From the first line of the data down to the line bearing "Damen-Leggings Gym Glamour Ombre lila 282", output every line exactly and include no pictures.
(Beginning of DATA FOR THE TASK)
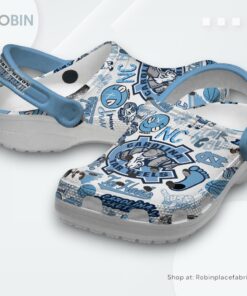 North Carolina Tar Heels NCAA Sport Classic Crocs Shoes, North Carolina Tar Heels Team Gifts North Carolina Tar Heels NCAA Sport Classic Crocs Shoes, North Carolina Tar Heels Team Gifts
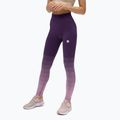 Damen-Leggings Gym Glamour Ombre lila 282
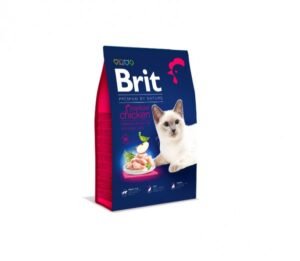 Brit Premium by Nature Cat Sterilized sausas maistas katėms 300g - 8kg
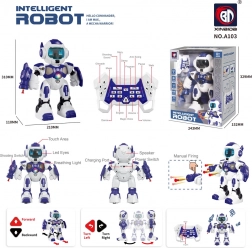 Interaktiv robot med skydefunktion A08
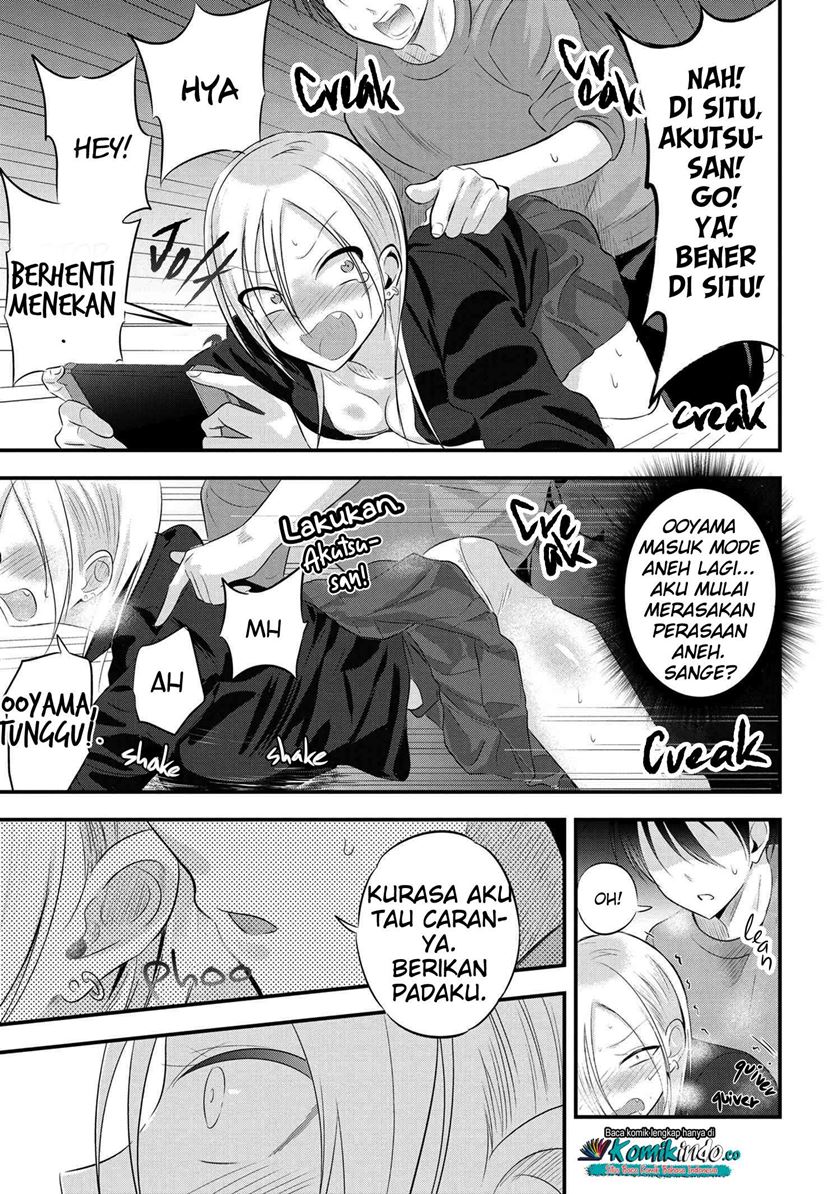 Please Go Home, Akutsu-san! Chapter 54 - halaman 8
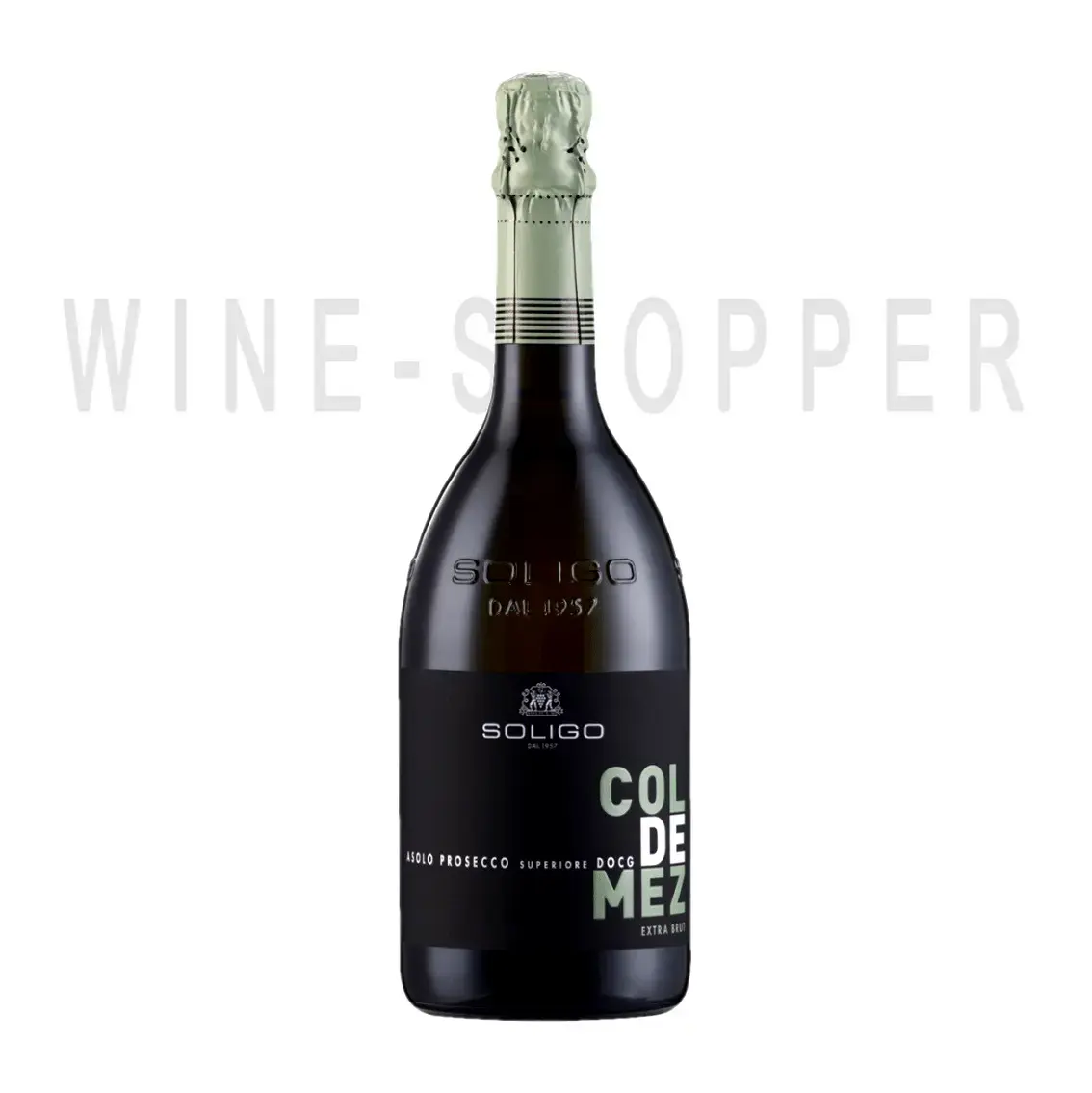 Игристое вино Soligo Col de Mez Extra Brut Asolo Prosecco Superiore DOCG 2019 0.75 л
(End of DATA FOR THE TASK)
◆ SOLUTION TO THE EXERCISE:
 North Carolina Tar Heels NCAA Sport Classic Crocs Shoes, North Carolina Tar Heels Team Gifts North Carolina Tar Heels NCAA Sport Classic Crocs Shoes, North Carolina Tar Heels Team Gifts
 Damen-Leggings Gym Glamour Ombre lila 282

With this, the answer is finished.